Problem statement =
Apart from the pictures, output all of the records exactly.
START Supplied records
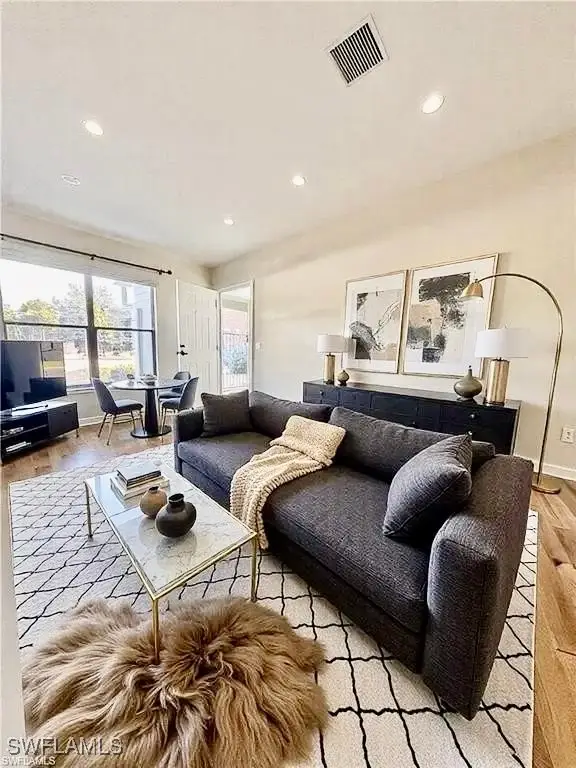 267 Quail Forest Boulevard #209, Naples, FL 34105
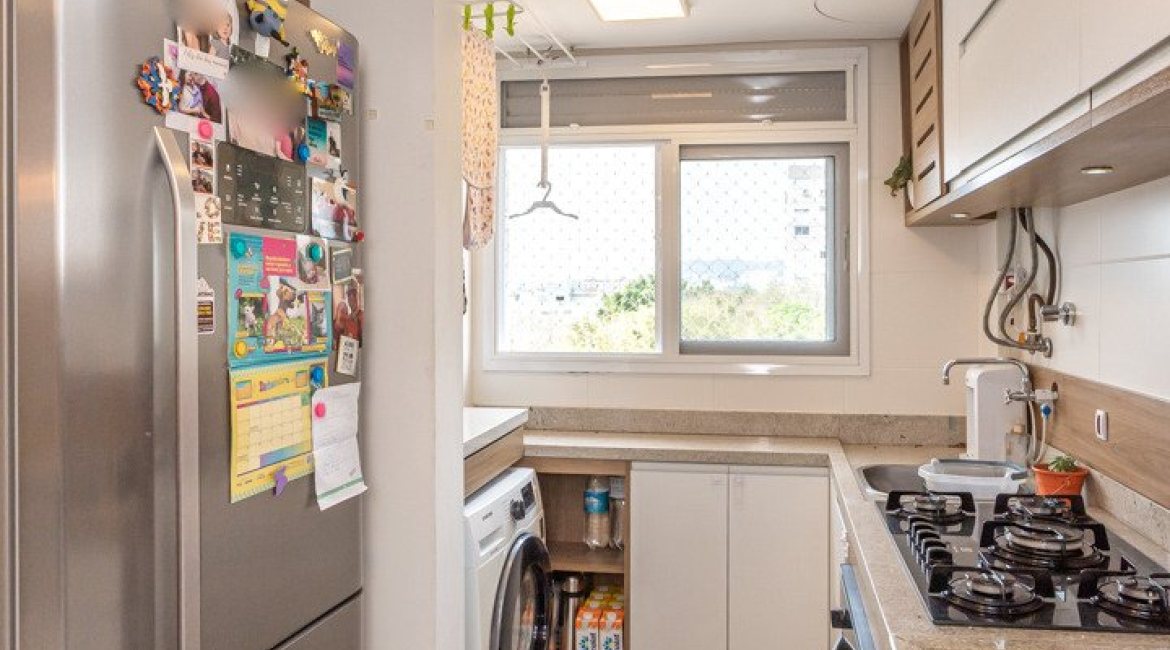 Apartamento à venda com 70m², 2 dormitórios, 1 suíte, 2 vagas, no bairro Cristal em Porto Alegre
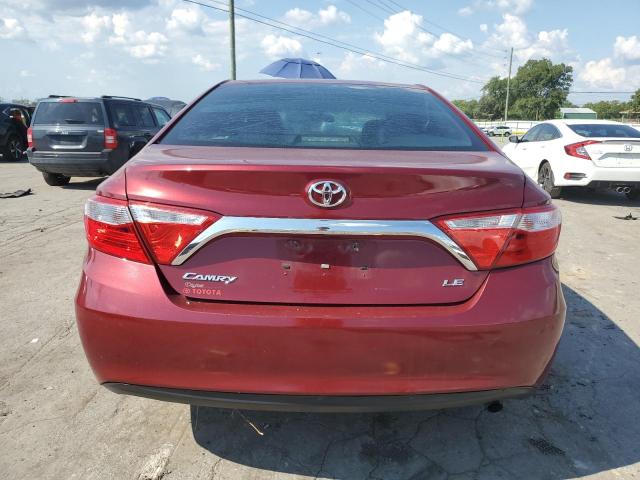4T1BF1FK0HU762492 - 2017 TOYOTA CAMRY LE RED photo 6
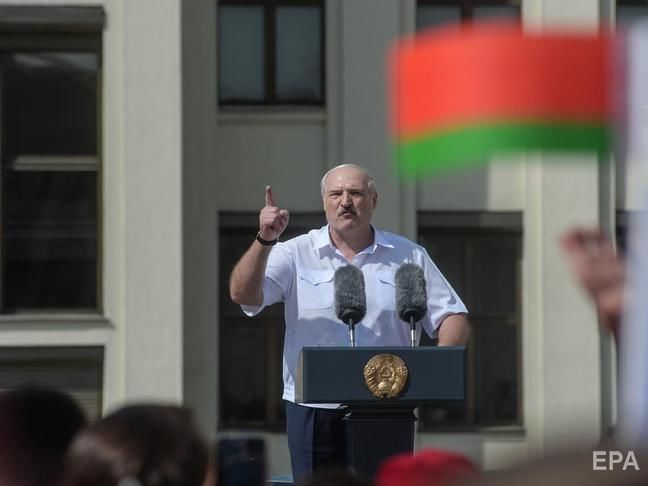 Лукашенко заявив, що допоміг Тихановській із виїздом за кордон на її прохання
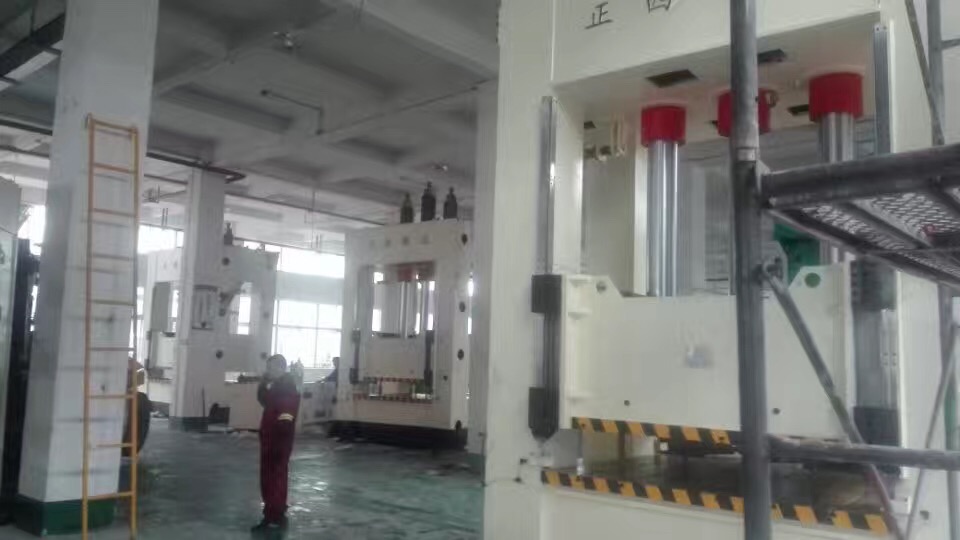 汽車(chē)內(nèi)飾件成型液壓機(jī)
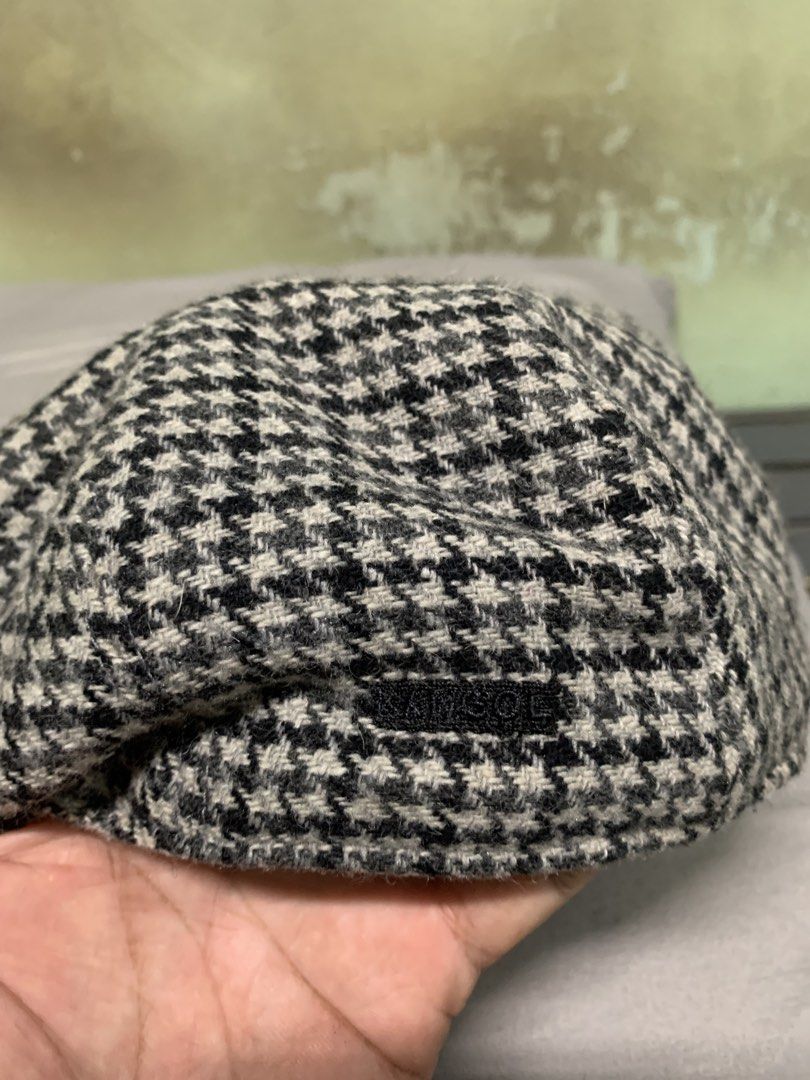 Kangol Heritage Houndstooth Flat Cap (Category: Caps & Hats) located in General Santos City (Dadiangas). Submitted by hard2find_thrifting (Listing ID 1449954157, Image 2). Description: - Classic Kangol Heritage houndstooth flat cap. - Stylish and versatile pattern. - Comfortable lining for all-day wear. - Elevates any casual outfit..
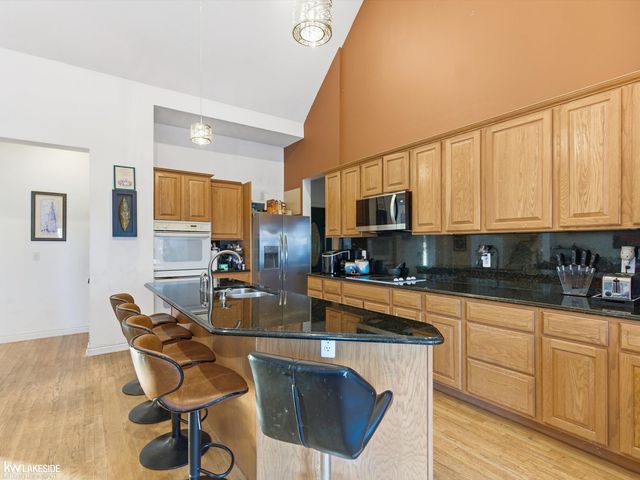 53792 Dominique Court, Shelby Twp, MI 48315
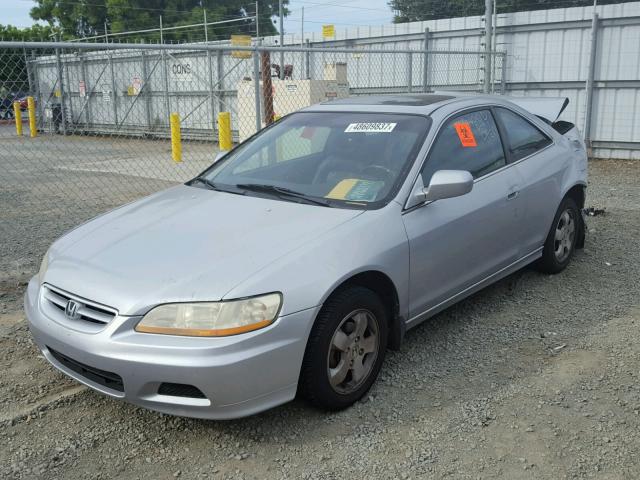 1HGCG31751A000840 - 2001 HONDA ACCORD EX SILVER photo 2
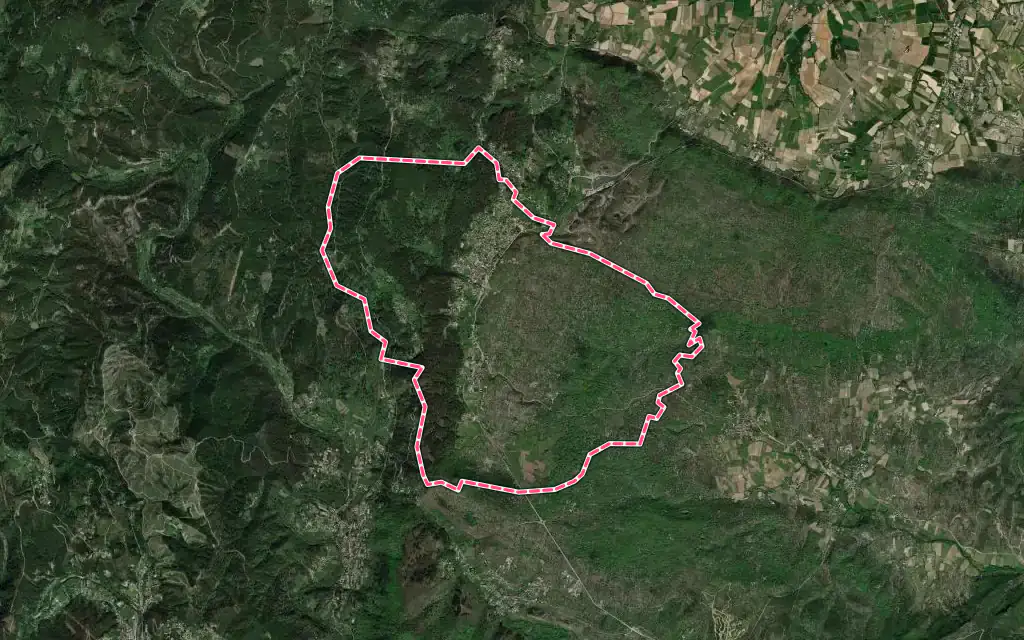 Vue satellite de Saint-Paul-le-Jeune avec ses contours administratifs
END Supplied records
Result =
 267 Quail Forest Boulevard #209, Naples, FL 34105
 Apartamento à venda com 70m², 2 dormitórios, 1 suíte, 2 vagas, no bairro Cristal em Porto Alegre
4T1BF1FK0HU762492 - 2017 TOYOTA CAMRY LE RED photo 6
 Лукашенко заявив, що допоміг Тихановській із виїздом за кордон на її прохання
 汽車(chē)內(nèi)飾件成型液壓機(jī)
 Kangol Heritage Houndstooth Flat Cap (Category: Caps & Hats) located in General Santos City (Dadiangas). Submitted by hard2find_thrifting (Listing ID 1449954157, Image 2). Description: - Classic Kangol Heritage houndstooth flat cap. - Stylish and versatile pattern. - Comfortable lining for all-day wear. - Elevates any casual outfit..
 53792 Dominique Court, Shelby Twp, MI 48315
 1HGCG31751A000840 - 2001 HONDA ACCORD EX SILVER photo 2
 Vue satellite de Saint-Paul-le-Jeune avec ses contours administratifs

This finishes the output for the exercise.